A DECADE or so ago biotechnology was touted as a discipline which promised big job opportunities for those who took up the subject.
Many were attracted to that promise and chose to pursue biotechnology. Many private and public universities alike fought to get students.
Unfortunately, the eventual number of graduates in biotechnology was more than the biotechnology industry could absorb. This was quite understandable since the biotechnology industry then was still struggling.
As a consequence, the much promised jobs were not there.
And many biotechnology graduates could not get jobs in the field they studied. Many, in fact, worked for banks selling credit cards! Now, biotechnology is again in the news.
This time the number of jobs mentioned by Biotech Corporation is 160,000. It is still unclear which sector of the biotech industry will offer the jobs.

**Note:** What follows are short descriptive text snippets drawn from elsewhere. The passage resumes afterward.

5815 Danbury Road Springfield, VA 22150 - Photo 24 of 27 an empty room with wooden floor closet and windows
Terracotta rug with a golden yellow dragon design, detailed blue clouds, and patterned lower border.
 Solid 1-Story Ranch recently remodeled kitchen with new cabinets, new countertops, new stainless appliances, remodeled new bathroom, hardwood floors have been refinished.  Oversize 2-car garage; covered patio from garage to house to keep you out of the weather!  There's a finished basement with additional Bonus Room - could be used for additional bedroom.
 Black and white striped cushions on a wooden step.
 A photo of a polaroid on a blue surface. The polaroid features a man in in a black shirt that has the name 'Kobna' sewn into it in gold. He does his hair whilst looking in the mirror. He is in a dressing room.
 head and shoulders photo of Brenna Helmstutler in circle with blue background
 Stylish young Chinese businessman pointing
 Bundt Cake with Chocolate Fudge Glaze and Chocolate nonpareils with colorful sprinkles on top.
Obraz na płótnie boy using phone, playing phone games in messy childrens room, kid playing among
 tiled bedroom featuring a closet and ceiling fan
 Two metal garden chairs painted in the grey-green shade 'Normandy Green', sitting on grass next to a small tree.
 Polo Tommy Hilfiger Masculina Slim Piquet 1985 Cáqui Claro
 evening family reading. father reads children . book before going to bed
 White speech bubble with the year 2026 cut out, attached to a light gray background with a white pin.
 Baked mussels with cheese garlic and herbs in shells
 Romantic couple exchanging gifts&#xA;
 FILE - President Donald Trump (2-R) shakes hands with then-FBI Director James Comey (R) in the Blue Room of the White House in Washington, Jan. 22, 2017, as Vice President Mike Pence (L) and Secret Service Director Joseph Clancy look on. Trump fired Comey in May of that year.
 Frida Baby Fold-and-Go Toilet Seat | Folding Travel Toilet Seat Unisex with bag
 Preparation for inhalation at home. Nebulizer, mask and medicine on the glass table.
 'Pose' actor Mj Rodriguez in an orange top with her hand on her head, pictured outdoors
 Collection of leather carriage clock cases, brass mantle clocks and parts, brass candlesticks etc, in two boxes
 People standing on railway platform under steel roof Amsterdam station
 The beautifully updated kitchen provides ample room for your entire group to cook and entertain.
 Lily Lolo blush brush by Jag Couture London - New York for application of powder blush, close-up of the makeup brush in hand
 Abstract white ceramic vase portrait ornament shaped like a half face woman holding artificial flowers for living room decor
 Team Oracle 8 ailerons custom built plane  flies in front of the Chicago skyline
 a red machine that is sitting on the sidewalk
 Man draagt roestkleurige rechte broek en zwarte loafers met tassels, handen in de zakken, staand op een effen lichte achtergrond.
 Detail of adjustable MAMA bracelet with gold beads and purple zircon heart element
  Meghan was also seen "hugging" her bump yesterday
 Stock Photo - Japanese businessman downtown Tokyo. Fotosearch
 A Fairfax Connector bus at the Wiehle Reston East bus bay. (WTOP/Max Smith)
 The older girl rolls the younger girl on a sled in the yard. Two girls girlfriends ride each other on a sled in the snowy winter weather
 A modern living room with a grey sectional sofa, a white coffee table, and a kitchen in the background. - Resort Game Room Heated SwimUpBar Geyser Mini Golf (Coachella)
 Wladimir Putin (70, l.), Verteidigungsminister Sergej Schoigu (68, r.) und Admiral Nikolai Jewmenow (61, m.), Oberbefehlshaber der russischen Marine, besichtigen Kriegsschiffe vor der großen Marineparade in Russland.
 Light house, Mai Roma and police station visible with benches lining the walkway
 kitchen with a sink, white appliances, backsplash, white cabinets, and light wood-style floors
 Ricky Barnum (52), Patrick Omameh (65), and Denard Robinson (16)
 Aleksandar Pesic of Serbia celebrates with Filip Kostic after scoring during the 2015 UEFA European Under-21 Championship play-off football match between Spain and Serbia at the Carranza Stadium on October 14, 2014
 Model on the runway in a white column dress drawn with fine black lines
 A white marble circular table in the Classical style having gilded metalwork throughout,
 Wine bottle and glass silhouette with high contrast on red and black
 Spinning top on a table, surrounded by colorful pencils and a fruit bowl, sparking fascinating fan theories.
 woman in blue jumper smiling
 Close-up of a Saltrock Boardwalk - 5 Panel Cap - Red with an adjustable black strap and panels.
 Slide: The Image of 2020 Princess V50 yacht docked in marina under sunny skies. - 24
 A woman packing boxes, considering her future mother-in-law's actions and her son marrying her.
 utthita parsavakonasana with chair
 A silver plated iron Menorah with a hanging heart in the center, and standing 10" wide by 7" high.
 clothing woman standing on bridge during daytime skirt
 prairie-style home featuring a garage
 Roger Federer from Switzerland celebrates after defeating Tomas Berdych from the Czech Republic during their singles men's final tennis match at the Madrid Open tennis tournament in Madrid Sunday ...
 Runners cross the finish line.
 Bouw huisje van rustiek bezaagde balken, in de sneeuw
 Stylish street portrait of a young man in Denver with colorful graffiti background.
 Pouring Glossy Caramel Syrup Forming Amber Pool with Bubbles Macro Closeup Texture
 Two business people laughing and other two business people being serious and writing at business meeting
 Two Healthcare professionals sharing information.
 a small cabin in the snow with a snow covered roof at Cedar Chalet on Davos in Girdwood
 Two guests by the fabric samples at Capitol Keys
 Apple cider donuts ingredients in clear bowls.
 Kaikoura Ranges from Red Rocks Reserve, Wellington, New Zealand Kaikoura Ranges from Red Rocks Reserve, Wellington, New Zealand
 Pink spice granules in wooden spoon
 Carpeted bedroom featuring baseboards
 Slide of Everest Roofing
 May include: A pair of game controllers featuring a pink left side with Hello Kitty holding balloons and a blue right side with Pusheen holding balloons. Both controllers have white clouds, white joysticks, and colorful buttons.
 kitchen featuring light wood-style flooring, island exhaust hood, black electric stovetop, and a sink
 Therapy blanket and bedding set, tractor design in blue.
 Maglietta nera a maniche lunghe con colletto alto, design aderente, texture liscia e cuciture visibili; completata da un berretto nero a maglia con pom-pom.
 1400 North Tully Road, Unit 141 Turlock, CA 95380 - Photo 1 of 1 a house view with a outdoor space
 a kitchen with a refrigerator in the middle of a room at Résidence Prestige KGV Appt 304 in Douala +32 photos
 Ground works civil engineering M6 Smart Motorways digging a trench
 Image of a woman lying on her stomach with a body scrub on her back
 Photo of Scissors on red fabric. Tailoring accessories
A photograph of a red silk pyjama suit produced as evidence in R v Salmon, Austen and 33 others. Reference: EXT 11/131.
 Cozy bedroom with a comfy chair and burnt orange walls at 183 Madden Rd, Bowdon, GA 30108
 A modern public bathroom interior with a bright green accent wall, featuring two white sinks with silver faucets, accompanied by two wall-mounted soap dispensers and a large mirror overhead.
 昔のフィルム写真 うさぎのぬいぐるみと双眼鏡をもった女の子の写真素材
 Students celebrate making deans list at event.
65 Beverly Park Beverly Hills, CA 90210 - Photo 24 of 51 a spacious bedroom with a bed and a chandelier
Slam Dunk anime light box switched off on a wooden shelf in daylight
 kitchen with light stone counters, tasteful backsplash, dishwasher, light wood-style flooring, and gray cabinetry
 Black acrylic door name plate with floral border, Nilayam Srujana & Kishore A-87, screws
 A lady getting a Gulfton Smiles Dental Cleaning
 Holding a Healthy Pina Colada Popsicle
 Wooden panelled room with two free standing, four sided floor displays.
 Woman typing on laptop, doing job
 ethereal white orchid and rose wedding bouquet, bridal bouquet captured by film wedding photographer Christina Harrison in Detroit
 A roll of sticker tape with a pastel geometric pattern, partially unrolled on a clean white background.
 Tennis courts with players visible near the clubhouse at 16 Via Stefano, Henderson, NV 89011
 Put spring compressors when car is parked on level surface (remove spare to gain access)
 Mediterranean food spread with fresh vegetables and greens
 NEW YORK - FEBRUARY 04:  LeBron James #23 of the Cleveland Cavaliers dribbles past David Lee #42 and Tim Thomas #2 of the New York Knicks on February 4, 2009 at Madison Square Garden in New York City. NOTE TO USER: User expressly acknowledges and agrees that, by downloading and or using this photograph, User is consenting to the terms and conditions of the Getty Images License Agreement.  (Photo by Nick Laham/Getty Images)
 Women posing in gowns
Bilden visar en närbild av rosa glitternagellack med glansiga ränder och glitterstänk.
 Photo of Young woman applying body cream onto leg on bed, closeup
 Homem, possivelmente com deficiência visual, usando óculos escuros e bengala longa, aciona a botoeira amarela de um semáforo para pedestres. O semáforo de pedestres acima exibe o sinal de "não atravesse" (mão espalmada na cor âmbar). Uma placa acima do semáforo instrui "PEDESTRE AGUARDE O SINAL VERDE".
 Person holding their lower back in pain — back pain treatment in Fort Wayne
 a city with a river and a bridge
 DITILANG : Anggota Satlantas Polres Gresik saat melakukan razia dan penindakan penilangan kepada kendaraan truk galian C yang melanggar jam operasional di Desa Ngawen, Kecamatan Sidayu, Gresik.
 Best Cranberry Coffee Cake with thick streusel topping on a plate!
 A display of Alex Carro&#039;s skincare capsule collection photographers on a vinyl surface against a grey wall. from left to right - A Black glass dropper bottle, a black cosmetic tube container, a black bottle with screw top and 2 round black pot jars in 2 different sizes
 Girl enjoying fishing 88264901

Recently, there have been announcements about a caviar project in Pahang and a lobster project in Sabah. Many doubt that such projects can lead to the creation of such big job numbers.
But the Biotech Corp is confident they can attract the young to take up biotechnology.
Apparently, the thinking is that Gen Ys and Zs would be interested. Let us hope that this will work out this time. But more importantly, the job projection is right.
We do not want to have a repeat of that episode a decade ago. We should not again disappoint the nation’s biotechnology graduates.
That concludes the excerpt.